A. No, as far as I know, there was nothing at all about
these matters, although provision had been made for
everything else which might happen in the course of a war. I
am not aware of any orders which were given with that in

Q. I am going to show you three documents submitted by the
French Prosecution, which mention you in connection with
Rosenberg's special staff, which has already been mentioned
here on various occasions. These are Documents PS-137,

                                                   [Page 41]

PS-138 and PS-140. These are documents from the Chief of the
O.K.W. to the Commander-in-Chief of the Army in France, and
in the Netherlands.

A. The first two documents, PS-137 and PS-138, came from
Headquarters. They were dictated in part by myself and sent
to departments of the Army. One says "To the Commander-in-
Chief of the Army," the other one "To the Commander-in-Chief
of the Army in Occupied France and the Commander of the
Wehrmacht in the Netherlands." They represent answers to
queries from various military departments who considered
themselves responsible for the safekeeping or guarding of
whatever was in the occupied territories, and also from
officers who obviously were going to collect, inspect,
register or otherwise investigate these art treasures,
libraries, etc., and to confiscate them.

In one case I. was called up on the phone by the Commander-
in-Chief of the Army - I think - who protested against this,
at other times by Rosenberg. The Fuehrer directed me to
instruct military departments to acquiesce in this and to
state their agreement.

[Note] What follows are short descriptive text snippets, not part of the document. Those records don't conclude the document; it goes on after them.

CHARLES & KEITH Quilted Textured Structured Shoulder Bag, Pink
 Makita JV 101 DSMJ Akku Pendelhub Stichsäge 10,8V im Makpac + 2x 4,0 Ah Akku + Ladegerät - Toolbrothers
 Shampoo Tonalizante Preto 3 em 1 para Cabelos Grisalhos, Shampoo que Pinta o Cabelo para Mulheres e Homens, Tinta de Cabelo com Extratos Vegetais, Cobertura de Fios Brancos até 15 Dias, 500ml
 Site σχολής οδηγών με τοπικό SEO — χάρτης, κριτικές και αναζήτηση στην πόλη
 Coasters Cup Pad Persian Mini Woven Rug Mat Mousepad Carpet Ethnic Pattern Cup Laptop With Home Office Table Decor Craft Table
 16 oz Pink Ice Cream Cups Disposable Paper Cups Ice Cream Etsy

The way in which the documents are
drawn up shows in itself that they did not emanate from an
O.K.W. establishment. My adjutant signed them; but I myself
dictated them on the Fuehrer's orders and sent them out.
These queries may have been made just because no provision
had been made and no orders given. I did not know what was
to be done with these art treasures, etc., but I naturally
took the view that the object was to safeguard them. No
mention was made of transport or confiscation or
expropriation; and the question did not occur to me; I
merely issued these instructions in quite a brief form and
did not bother any further about the matter. I took them to
be precautionary measures, and they seemed to be justified.